Wiborada von St. Gallen

Von Carola Zünd, Kontemplationslehrerin vi

Die heilige Wiborada lebte und wirkte vor über tausend Jahren in St. Gallen.

Schon als Kind führte sie ein zurückgezogenes Leben. Später entzog sie sich den für Frauen damals üblichen Lebensformen der Ehe oder des Klosterlebens und entschied sich für eine radikal unabhängige Lebensform. Sie liess sich freiwillig und auf Lebzeiten als Inklusin in eine Zelle bei der Kirche St. Mangen in St. Gallen einmauern. Zwei kleine Fenster, eines nach innen und eines nach aussen, ermöglichten ihr die Verbindung zur Kirche und zur Aussenwelt. Zehn Jahre lang lebte sie in dieser Zelle, bis zu ihrem Tod im Jahr 926.

In radikaler Hingabe widmete Wiborada ihr Leben Gott und gleichzeitig den Menschen der Stadt, des Klosters und der Umgebung. Viele Menschen suchten Rat, Hilfe und Trost bei ihr. Sie war da, hörte zu, betete, gab Rat und Anweisungen, teilte ihr Essen und das Brot mit den Menschen, die zu ihr kamen.

Dank ihrer Visionen konnten die Menschen der Stadt und des Klosters rechtzeitig das Gebiet vor dem kriegerischen Einfall der Ungarn verlassen und die Klosterschätze und Handschriften aus der Stiftsbibliothek in Sicherheit bringen.

Wiborada selber weigerte sich, die Klause zu verlassen und wurde im Jahr 926 von den ungarischen Soldaten erschlagen und getötet.

Das Wiborada-Projekt 2021

Zehn Frauen und Männer lassen sich von April bis Juli in einer nachgebauten Zelle bei der Kirche St. Mangen für je eine Woche einschliessen. Sie werden jeden Tag mit Essen, Brot und frischem Wasser versorgt.

Das Innenfenster ist offen zum Kirchenraum. Schriftliche Gebetsanliegen können von der Kirche her in das Fenster gelegt werden. Das Aussenfenster führt zur Stadt. Zweimal täglich wird es für Besuchende geöffnet.

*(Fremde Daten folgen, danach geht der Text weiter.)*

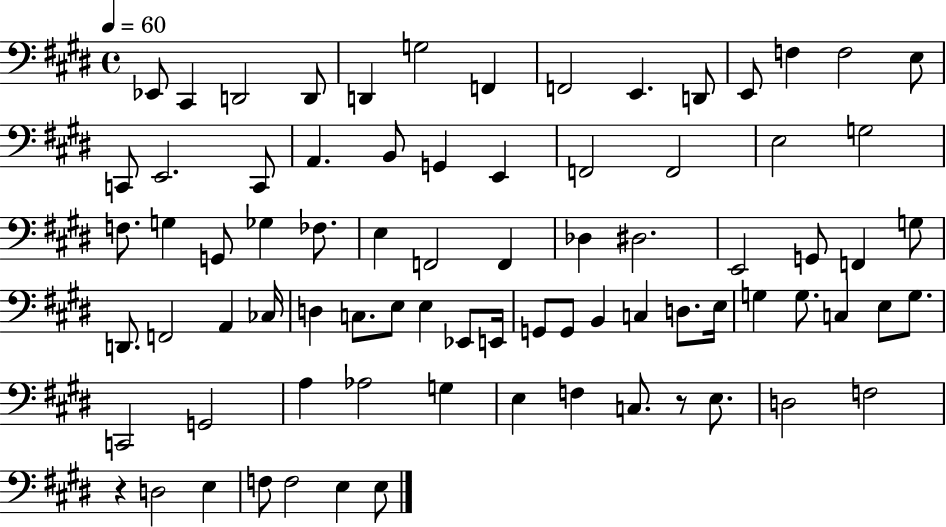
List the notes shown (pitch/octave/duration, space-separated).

Eine Ausstellung im Kirchenraum und ein Rahmenprogramm ergänzen das Projekt.

Persönliche Erfahrung

Einige meiner Gedanken im Vorfeld

Ich freue mich darauf, eine Woche mit mir selber unterwegs zu sein, lasse mich darauf ein, mich für eine begrenzte Zeit einschliessen zu lassen. Eines ist sicher, es wir eine ganz neue Erfahrung sein, ganz anders als in den gewohnten Kontemplationswochen. Wie wird es sein, die Tage in einer Holzhütte mit dünnen Wänden mitten im Lärm der Stadt zu verbringen? Werden in der Nacht Leute vorbeikommen, möglicherweise an die Zelle klopfen? Vor dem Eingeschlossen-Sein habe ich keine Angst. Auch das Alleinsein habe ich gelernt. Ich weiss, dass ich auch in schwierigen Situationen gut bei und mit mir selber sein kann.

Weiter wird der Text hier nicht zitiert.